- **Given information**:
↓
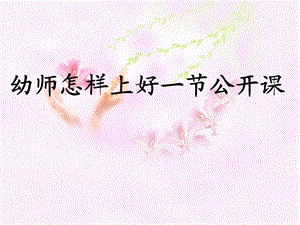 幼儿教师怎样上好一节公开课ppt课件.ppt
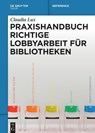Praxishandbuch Richtige Lobbyarbeit fur Bibliotheken - Claudia Lux - 9783110673333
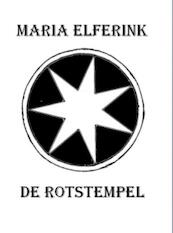 De Rotstempel - Maria Elferink (ISBN 9789402135855)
↑
- **Instructions to follow**:
Beginning with the line that holds "Praxishandbuch Richtige Lobbyarbeit", output each line to the end of the material above, exactly, omitting the pictures.

- **Output for this task**:
Praxishandbuch Richtige Lobbyarbeit fur Bibliotheken - Claudia Lux - 9783110673333
 De Rotstempel - Maria Elferink (ISBN 9789402135855)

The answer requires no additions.